You don't need to be a planning mastermind to see, that it's impossible to do all this. You could do it for a week, or maybe two or in some extreme cases a couple of weeks. But in the end, you will start burning out. Burnout is not a single night thing, it sneaks into your life slowly, but steadily. 

Unfortunately, running a company does include a lot of (different) work you just have to manage. For some parts, you can always hire someone to help out, but most likely you have a very strict budget to keep an eye of. So how can you get all the necessary done?

If you decide to work alone (or in a small team) you need to consider the size and amount of things you actually want to focus on, and what type of consequences do you expect to happen with these actions? Just by running around, doing a lot of stuff at the same time (and everything a little) will most likely not only burn you out but also have nothing done within a long time. That's basically because you've spread your time and energy on a hundred things and got all forward by, let's say that one percent.

My workdays are five to seven hours long. I spend good amount of time to plan my coming week on Mondays, so I could use every day hours as efficient as possible. In the end, this SAVES TIME a lot, rather than running around blindly for hours each day. I have a plan, what I want to try out and I have my own evaluation, what these actions may bring back. Of course, in many cases, this evaluation proves to be wrong, but at least I had an idea of what I should do and why.


By planning, you save time. Keep the plans simple to follow so when the time comes, you can use the time for actual working, rather than trying to figure out what to do, how and how long are you supposed to spend time with it?

With a good plan, you're also able to identify when your work is actually complete and maybe even get a feeling of "I got stuff done today" at the end. Without a plan or goal for each day, it's easy to either keep on working for very long hours or lose the feeling of "success" because you always leave something "uncomplete" when ending the day.

When Friday (or the day which you've set as the end of the week) arrives, you can look back at your plans and see that you actually achieved most, or maybe even all of the goals which you've set for the week. With that feeling, you're super energized to hop into the weekend and take some time off from everything. With that time off, you're more pumped up for the next week!


For me, I always skipped exercise, since I thought that I don't have time for it. It felt like my days are so booked, that hitting the gym, walk/run or such is impossible. After the workday, I got so exhausted, that exercising was not an option. This is a never-ending circle to step into. 
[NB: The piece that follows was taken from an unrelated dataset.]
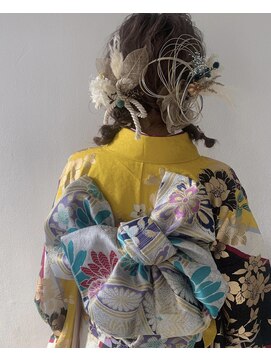 バランス ベル(BALANCE bell) 一生の想い出に!成人式は最高に可愛く♪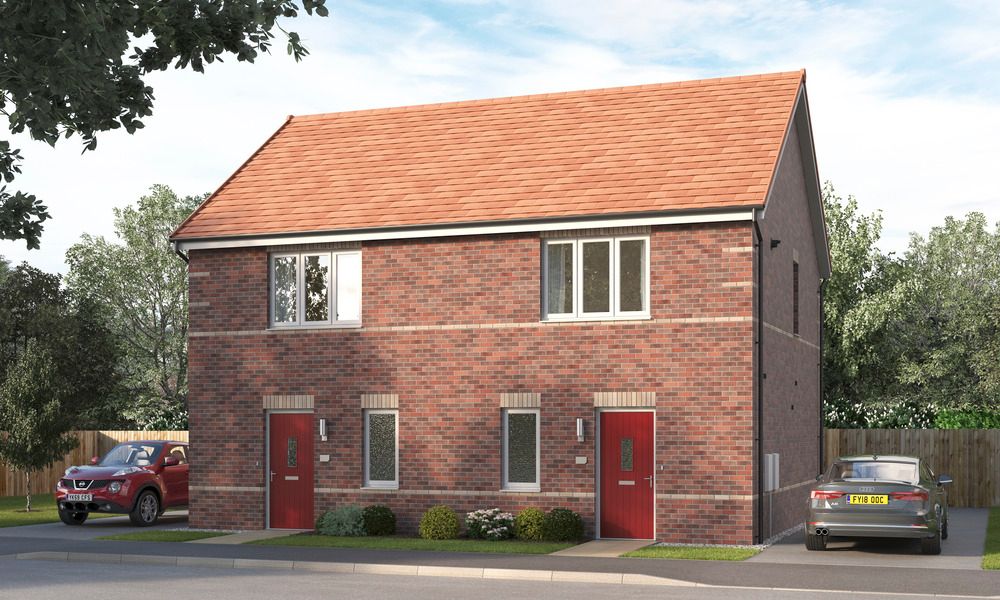 New home, 2 bed end terrace house for sale in Brindle Court, Brindle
You're exhausted because of lack of exercise, but with exercise you would not be that exhausted. When I realized how much energy exercise gives, it becomes a no-brainer to schedule 20-60 minutes of exercise for each workday. I tend to do this in the morning to kick off the day, or after lunch to skip the paralysis after eating.

I noticed that in the morning, I tend to spend that 20-60 minutes by just staring at a wall, or something similar to wake up. That's the perfect time to force yourself outside and go for a walk. It awakens you to a whole new level, to get stuff done during the day.

You don't have to go for a 'blood-sweat-tears' -type of training. Just casual walk around the neighborhood is enough.


What does everyone expect from you? The first fact for an entrepreneur and independent game developer is that they expect nothing from you. They expect to never hear from you and you are basically thin air for the world.

This is the most awesome places to be in. You can basically try out different stuff without the pressure of "losing your crowd" or making your brand appear in "bad light" and such. You're 100% free. (Just don't do anything illegal)

When you create something, you most likely want to make it as awesome as possible. Making awesome stuff takes time and in some cases, it takes way too much of time. Always plan your project that it is possible (in theory) to be developed within a short period of time. If you bite too big of a chunk, you will never get it done and end up losing the motivation along the way. 

At first, projects should be so small that you're able to create those before you lose interest. When you learn, you're more ready to scale up and create bigger games. Start small and build up from there! Even though you read this tip here, you will most likely still start too big of a project, but I'm telling you: This is the NUMBER ONE reason for almost all of the developers to fail. 

Build your perfect dream game after shipping multiple smaller games, then go for the big prize!


Alright, I have to cut this here. It would be awesome to keep on going with this post but I guess this is enough for a single post. Thank you very much for reading!